I recounted the hours of observation and training such a person had to undergo to learn how to act like a buffalo calf. I ended the tale with a reference to that person’s vision quest. After four days and nights of no food or sleep a person on a vision quest would hallucinate, and within the hallucination would experience deep empathy with some animal. In this story I used a young woman as the central figure, since it was a story for one of my goddaughters, who had just reached puberty.

Buffalo ranged in clans, in extended matriarchal family groups. Sexually mature bulls ranged in their own small bunches. During the October mating season bulls claimed a group of cows and their young. Great fights would occur as the bulls fought for dominance. Losers stayed near, hoping to luck out and mate when the toughest bull was asleep or very tired.

I dreamed I was a yearling, not sexually mature, still safe within the matriarchal clan. My cousins and I played king-on-the-hill, butted yuccas, and jumped off a steep bank into shallow water recklessly. We could hear the grunts of our mothers fussing at our younger siblings, born this year.

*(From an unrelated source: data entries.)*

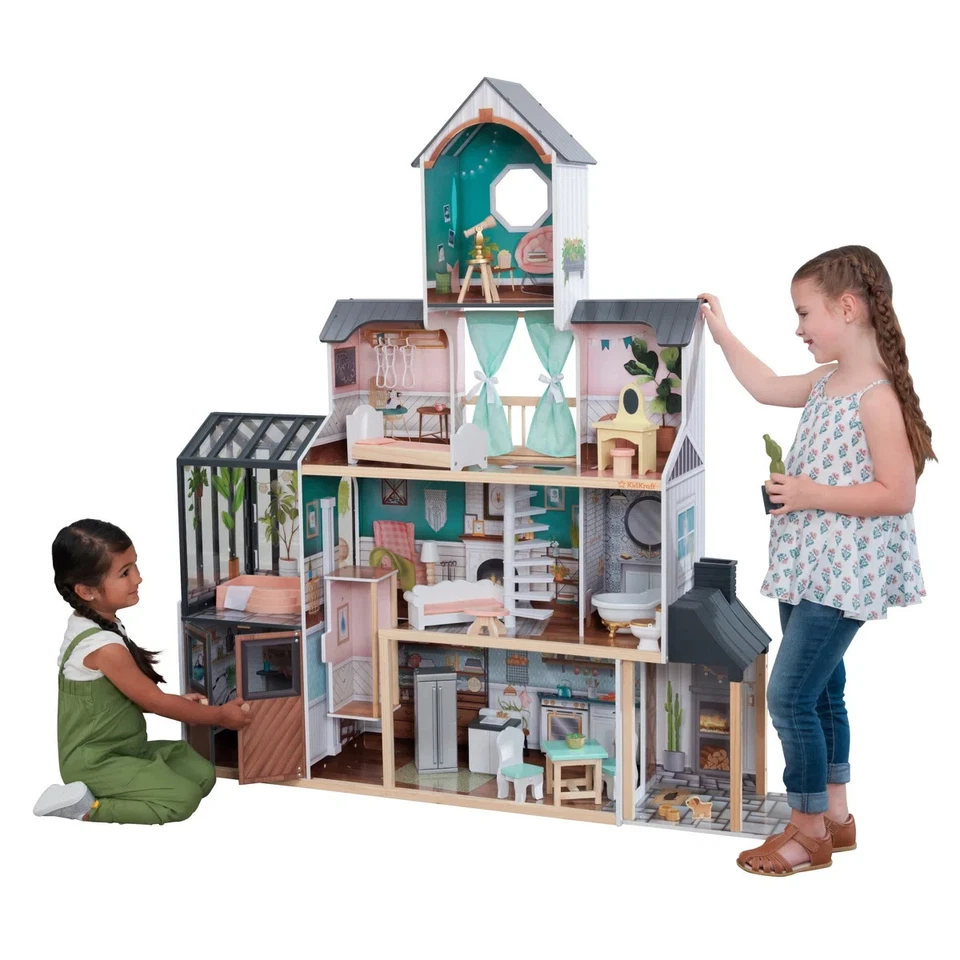 Kidkraft Celeste Mansion 24 Piece Wooden Dollhouse with EZ Kraft Assembly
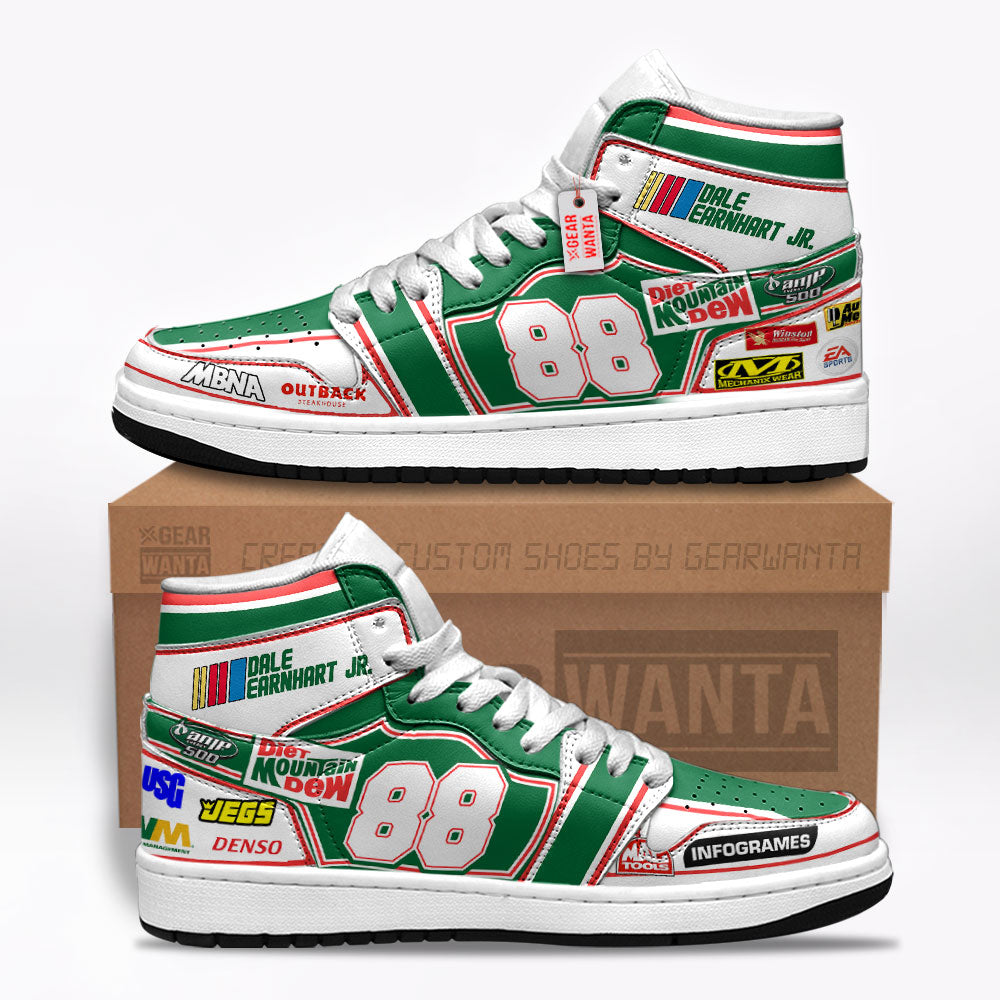 Dale Earnhardt Jr. J1s Sneakers Retro Dew #88 Cars Race  Grabiiva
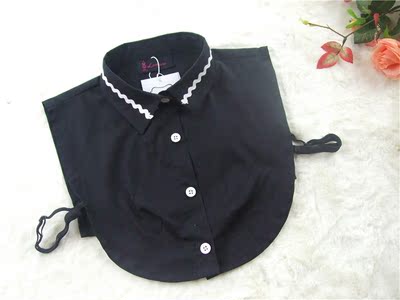 定制手工时尚女衬衫领装饰假领子纯色镶黑条棉质尖领圆领黑白推荐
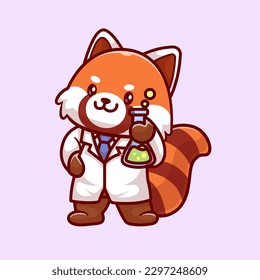 Cute Red Panda Scientist Holding Lab Tube Cartoon Vector Icon Illustration. Animal Science Icon Concept Isolated Premium Vector. Flat Cartoon Style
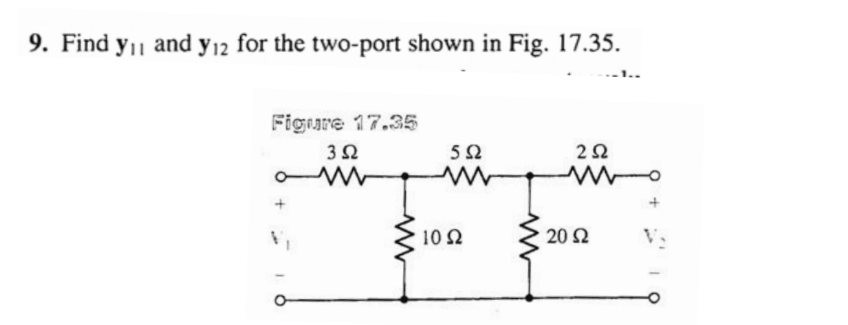 9. Find y1 and y12 for the two-port shown in Fig. 17.35.
Figure 17.35
3Ω
52
2Ω
10 2
20 2
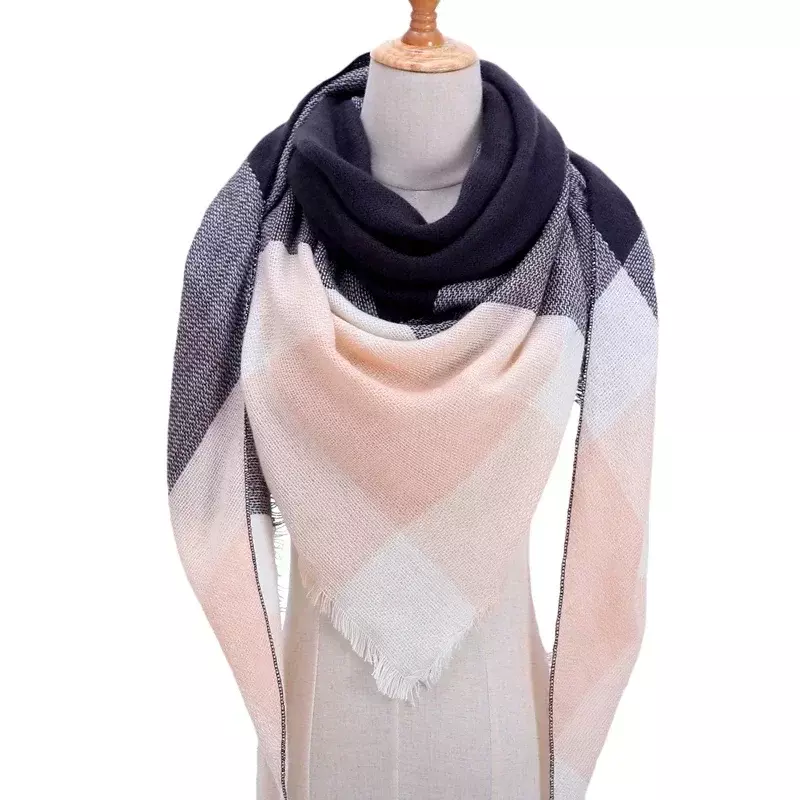 Women Winter Scarf Retro Plaid Cashmere Knitted Pashmina Shawls Wraps Lady Soft Triangle Scarves Bandana Warm Blanket 2022 New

Our complete clan had just run for fun, an unpanicked chase from one choice area of grass to another near the playa where the cranes roosted. One old female, long-ago blinded by fire, rolled in the mud at the edge of the water, coating her worn coat against the fall mosquito swarm. Several of the cows had drunk their fill, and were almost asleep on their feet.

We could see another clan plodding to water in single file. The bulls had not started their rutting, but there was the hint of the beginnings of tension. Bulls weigh up to twice as much as the cows. During their time with the clan we yearlings would stay well out of the way, forming a mock coterie of not-yet bulls. We watched and marveled at the behaviors beginning to occur. Our mothers would chase us away next July, at calving time.

A rattlesnake, sunning itself before beginning the slow drift back to the winter den in the walls of the arroyo leading to the playa, rattled a warning at me. I stopped, then delicately stepped around it. Prairie rattlers almost never strike, unless stepped on and hurt, but do put up a fearful bluff. By watching it, and not where I stepped I almost stepped on another, and at its strike I panicked and ran.
My cousins panicked as well, and in our flight over a ridge panicked yet another clan coming to water. We all ran. And ran and ran and ran. After running for several minutes, I was so tired I woke up.

As I woke up I smelled the water on the wind, and was thinking, “ I can return to the safety of the clan”. But I was human, and did not have the safety of the clan, so I had to pull the tarp over me, and even under me before the chill faded.

A coyote barked nervously, displeased with moonset. The coyotes speak Comanche, so say my goddaughters, and by doing so, keep their spirit alive. Animals can become symbols, enriching the psychic landscape. The buffalo prairie is long gone, but its spirit remains as long as we tell its stories.